- [PROVIDED ENTRIES]
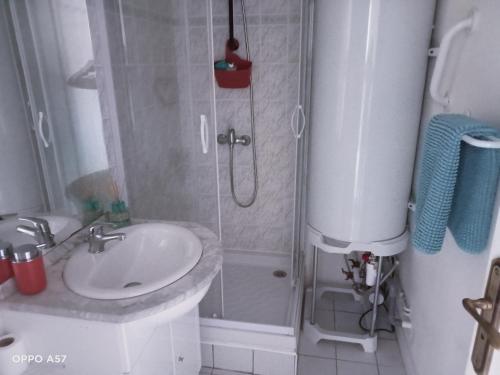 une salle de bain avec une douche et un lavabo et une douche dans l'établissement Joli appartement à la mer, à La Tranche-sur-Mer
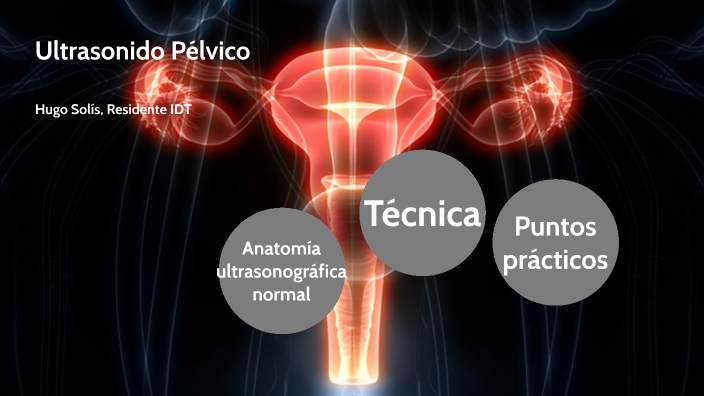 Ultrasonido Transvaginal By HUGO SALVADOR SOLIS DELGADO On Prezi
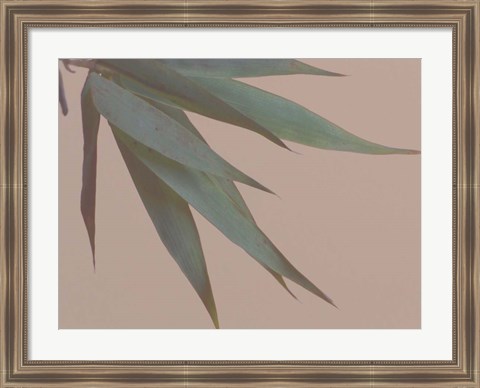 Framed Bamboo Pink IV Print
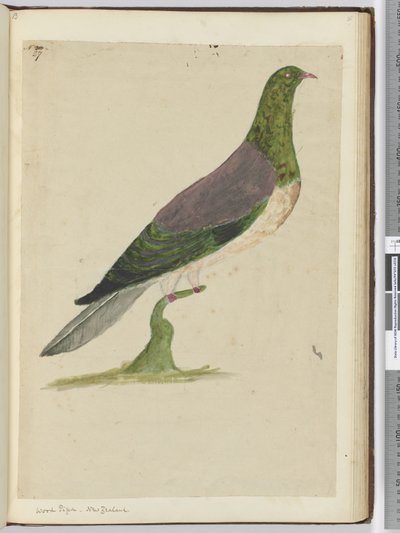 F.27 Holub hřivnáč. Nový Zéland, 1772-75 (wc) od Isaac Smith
==
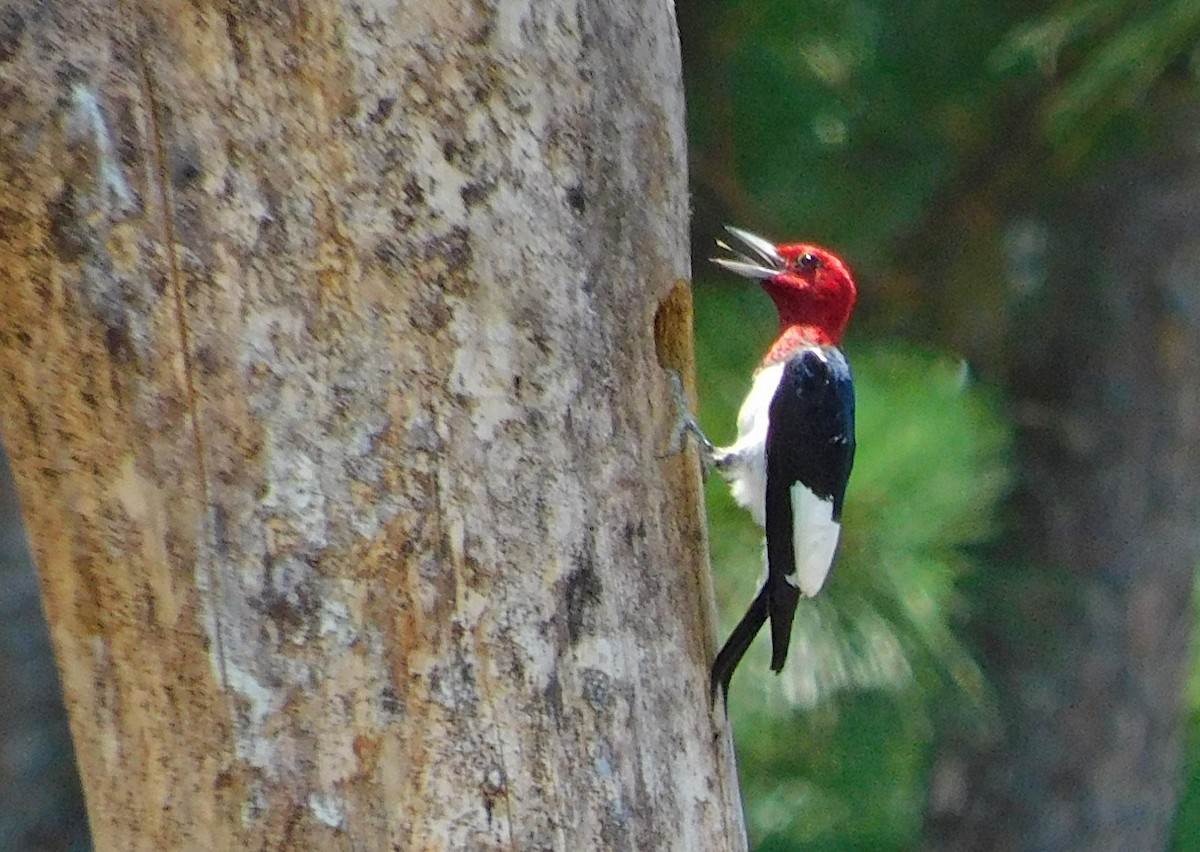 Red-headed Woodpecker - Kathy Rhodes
* * *
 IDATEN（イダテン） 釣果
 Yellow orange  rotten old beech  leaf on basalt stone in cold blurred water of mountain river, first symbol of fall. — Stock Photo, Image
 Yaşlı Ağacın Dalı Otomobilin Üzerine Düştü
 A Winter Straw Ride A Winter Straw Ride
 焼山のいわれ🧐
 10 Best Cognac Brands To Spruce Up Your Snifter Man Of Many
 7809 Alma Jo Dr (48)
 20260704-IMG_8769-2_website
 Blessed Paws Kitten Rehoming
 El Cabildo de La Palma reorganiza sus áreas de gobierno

- [EXERCISE] Within the material above, copy exactly the lines from the line that holds "7809 Alma Jo Dr (48)" up to and including the line that holds "El Cabildo de".

- [ANSWER SPACE]
 7809 Alma Jo Dr (48)
 20260704-IMG_8769-2_website
 Blessed Paws Kitten Rehoming
 El Cabildo de La Palma reorganiza sus áreas de gobierno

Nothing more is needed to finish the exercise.